Breast positioning control resulted in substantial improvements of geometric implant stability. With this workflow, the mean amount of button–button distance variations was 0.6 ± 1.0 mm, compared to 1.6 ± 2.7 mm obtained for the previous cohort (Fig. 3a). Only 0.4% and 0.4% of the 485 catheters implanted in the 30 patients showed a length shortening and extension > 5 mm (referring to one button size), respectively, whereas this was the case for 2.7% and 3.5% of the 1758 catheters implanted in the 100 patients treated beforehand. Distance deviations with an amount > 1 mm and > 2 mm were measured for 13.6% and 4.5% (with positioning control) as well as for 43.6% and 18.7% (without positioning control) of the implanted catheters. The number of patients affected by large deviations could be significantly reduced as well (Fig. 3b). When treated with the implemented workflow, only 36.7% and 10% of patients revealed at least one distance variation with an amount > 2 mm and > 5 mm, respectively, compared to 80% and 37% of the previous patients. No patient treated with the workflow showed variations > 12 mm, whereas this was observed for 13% of the previous patients. Thus, button-button distance variations were, applying the chi-square distribution tests mentioned in the “Statistical Analysis” section, significantly reduced in terms of both the number of affected catheters (p < 0.001) and patients (p < 0.001).

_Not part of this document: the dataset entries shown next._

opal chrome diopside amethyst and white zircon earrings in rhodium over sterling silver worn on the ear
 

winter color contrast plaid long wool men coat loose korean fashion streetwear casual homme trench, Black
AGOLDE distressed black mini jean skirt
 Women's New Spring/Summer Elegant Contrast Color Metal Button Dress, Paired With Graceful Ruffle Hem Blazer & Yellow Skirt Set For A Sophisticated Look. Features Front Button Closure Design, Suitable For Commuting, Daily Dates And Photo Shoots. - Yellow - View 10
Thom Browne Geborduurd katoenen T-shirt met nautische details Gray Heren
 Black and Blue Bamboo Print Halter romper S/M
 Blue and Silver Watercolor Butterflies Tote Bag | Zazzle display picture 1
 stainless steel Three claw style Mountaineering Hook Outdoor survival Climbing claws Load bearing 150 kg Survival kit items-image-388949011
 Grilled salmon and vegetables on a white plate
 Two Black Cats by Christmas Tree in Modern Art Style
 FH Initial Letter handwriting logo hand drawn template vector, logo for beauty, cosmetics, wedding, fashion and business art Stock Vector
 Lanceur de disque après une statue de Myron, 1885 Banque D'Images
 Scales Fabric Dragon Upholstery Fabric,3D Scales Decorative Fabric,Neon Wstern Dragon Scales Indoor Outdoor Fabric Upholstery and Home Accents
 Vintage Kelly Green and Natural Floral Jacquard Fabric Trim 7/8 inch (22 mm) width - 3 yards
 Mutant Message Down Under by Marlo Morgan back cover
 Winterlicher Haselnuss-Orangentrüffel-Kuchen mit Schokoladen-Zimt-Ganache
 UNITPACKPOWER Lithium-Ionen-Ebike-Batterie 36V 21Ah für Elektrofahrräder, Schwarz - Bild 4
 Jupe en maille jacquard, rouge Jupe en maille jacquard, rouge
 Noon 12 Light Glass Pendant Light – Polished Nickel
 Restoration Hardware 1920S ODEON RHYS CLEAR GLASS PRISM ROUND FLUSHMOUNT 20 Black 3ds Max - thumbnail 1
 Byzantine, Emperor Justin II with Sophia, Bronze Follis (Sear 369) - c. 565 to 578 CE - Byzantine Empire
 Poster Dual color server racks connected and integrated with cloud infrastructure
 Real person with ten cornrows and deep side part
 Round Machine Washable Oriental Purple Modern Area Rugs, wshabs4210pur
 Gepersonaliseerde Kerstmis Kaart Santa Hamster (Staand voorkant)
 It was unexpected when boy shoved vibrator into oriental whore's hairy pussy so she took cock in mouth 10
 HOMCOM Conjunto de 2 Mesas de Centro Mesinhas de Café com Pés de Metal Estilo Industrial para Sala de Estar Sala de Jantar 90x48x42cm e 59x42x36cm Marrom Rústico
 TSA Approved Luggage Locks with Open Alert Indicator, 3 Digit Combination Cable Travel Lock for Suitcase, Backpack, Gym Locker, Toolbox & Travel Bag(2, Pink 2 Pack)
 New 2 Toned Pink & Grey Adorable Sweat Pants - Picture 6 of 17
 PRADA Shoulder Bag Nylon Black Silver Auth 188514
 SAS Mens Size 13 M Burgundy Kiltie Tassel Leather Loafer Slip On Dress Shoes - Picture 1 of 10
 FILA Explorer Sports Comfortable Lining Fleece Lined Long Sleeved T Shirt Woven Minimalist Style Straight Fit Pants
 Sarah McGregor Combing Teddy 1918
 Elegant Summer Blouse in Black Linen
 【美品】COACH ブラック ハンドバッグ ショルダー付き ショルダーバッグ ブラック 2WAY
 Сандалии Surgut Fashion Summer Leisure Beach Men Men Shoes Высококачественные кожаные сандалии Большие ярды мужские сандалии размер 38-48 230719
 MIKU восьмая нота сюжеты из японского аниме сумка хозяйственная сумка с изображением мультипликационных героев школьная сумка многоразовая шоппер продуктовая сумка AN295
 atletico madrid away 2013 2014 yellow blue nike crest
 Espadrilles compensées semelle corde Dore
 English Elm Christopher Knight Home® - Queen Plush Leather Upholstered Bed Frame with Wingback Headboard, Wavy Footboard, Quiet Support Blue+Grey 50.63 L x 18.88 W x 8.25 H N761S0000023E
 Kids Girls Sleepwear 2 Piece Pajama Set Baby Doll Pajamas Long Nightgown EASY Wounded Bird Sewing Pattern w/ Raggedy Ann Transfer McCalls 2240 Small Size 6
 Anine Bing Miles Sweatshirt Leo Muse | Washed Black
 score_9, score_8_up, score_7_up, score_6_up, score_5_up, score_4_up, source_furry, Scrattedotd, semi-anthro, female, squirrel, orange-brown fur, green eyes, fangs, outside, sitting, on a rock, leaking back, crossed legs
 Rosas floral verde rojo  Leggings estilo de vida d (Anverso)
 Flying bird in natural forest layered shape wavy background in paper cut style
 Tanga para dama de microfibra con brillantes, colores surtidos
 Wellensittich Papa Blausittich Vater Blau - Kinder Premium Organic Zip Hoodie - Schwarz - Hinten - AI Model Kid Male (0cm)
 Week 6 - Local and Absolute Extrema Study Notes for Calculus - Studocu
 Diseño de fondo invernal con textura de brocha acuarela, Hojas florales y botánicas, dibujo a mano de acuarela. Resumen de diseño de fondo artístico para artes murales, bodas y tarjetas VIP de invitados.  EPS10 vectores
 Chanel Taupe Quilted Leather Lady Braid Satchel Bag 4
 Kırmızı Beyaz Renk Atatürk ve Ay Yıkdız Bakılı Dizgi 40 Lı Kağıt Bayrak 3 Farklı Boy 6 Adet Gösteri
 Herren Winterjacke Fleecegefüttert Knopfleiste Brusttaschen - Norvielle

Shown in Kaplan–Meier style are the relative fractions of implanted catheters (a) and patients (b) affected by at least one button–button distance variation with an amount larger than the corresponding abscissa value for the patient cohorts treated with and without the breast positioning control workflow. The fractions of dwell positions (c) and patients (d) affected by respective Euclidean dwell position deviations are illustrated as well

Regarding the dwell position deviations, breast positioning control led to stability enhancement as well. The mean amount of corresponding deviations was 1.1 ± 1.0 mm when applying the new workflow and 1.4 ± 1.4 mm for the previous patients (Fig. 3c). As example, 16.4% and 1.7% of the dwell positions defined for the patients receiving breast positioning control showed deviations > 2 mm and > 4 mm, respectively, compared to 22.7% and 4.9% obtained for the patients treated before. In particular, Euclidean deviations were significantly reduced regarding both the number of affected dwell positions (p < 0.001) and of affected patients (p < 0.001). Although corresponding deviations with an amount > 5 mm were still observed in 46.7% of the patients treated with breast positioning control (compared to 56% of the patients treated without), only 6.6% of the patients showed a deviation > 7 mm (Fig. 3d). For the previous cohort, such variations were found for 30% of all patients and deviations up to 14.5 mm occurred. To visualize examples of the observed implant alterations, Fig. 4 shows the geometric and dosimetric variations for a patient with very small and very large implant variations, respectively. Furthermore, corresponding changes for the patients showing the maximum implant alterations of both cohorts are provided as Supplementary Material.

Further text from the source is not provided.